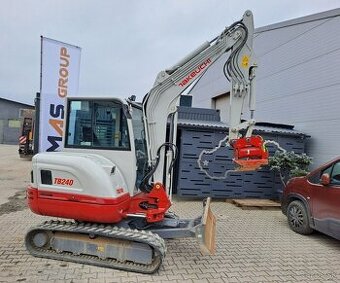 TAKEUCHI TB240 - 4070 kg - Dohoda ista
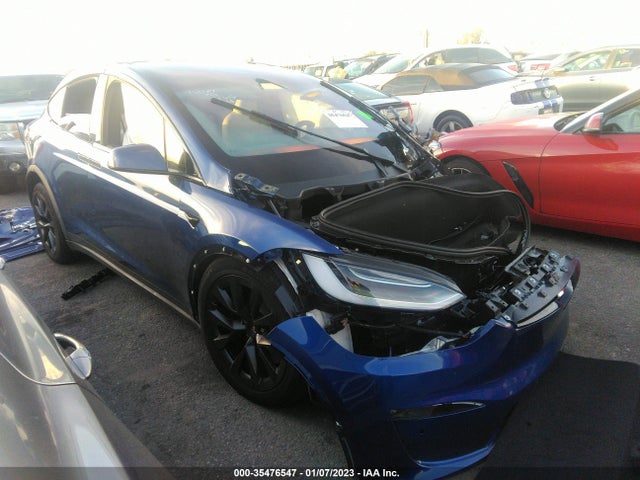 2022 Tesla Model X, VIN: 7SAXCBE67NF351739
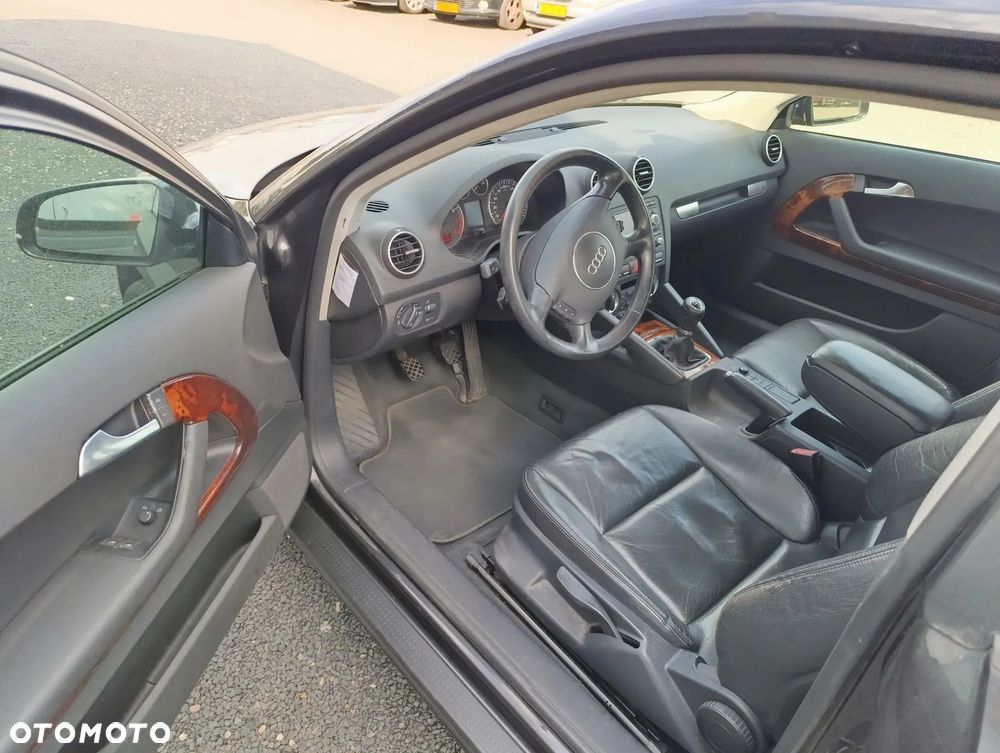 Audi A3 3-drzwiowe 2.0 FSI Ambiente - 2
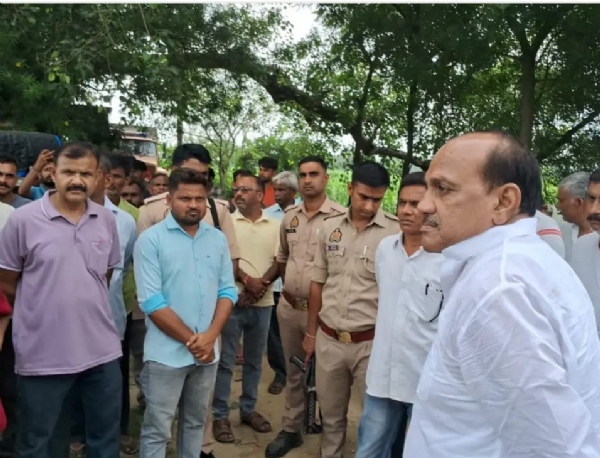 विधायक के साथ ग्रामीण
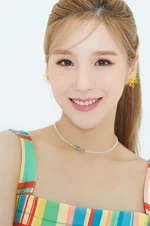 211016 KanStarpress HeeJin.png (300 KB) 「HULA HOOP / StarSeed 〜カクセイ〜」 Concept Photo #2 HeeJin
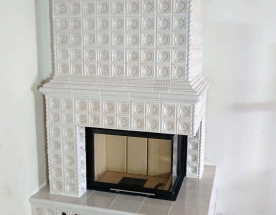 Nasze realizacje - Piece kaflowe NR-PK-68 - Piec kaflowy na bazie wkładu narożnego Hajduk. Kafle ceramiczne o wzorze odtworzeniowym w kolorze szkliwa biel cracle. projekt: Marcin Deręgowski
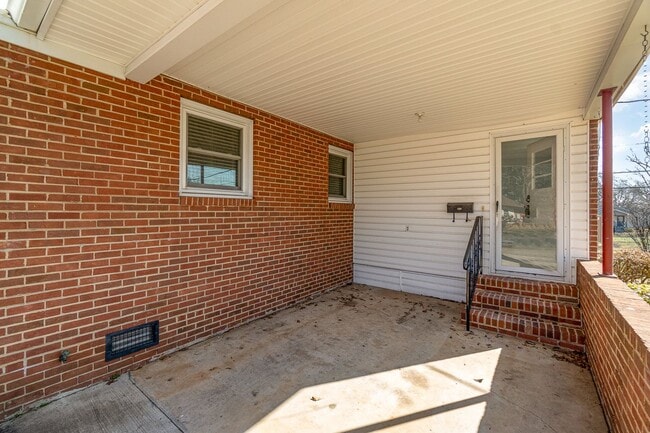 Photo - MOVE-IN READY!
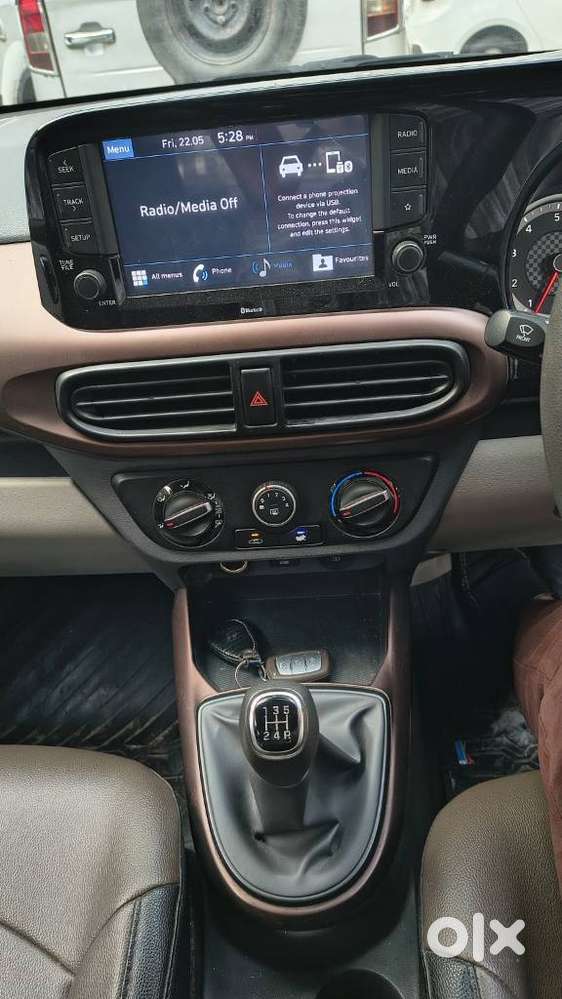 Hyundai Aura Sx (o) Manual, 2020, Petrol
==============================
● What you should do
Write each line exactly as it appears, from the line that holds "Photo - MOVE-IN READY!" through the closing line of the data above, and leave every picture out.

● Completed task
 Photo - MOVE-IN READY!
 Hyundai Aura Sx (o) Manual, 2020, Petrol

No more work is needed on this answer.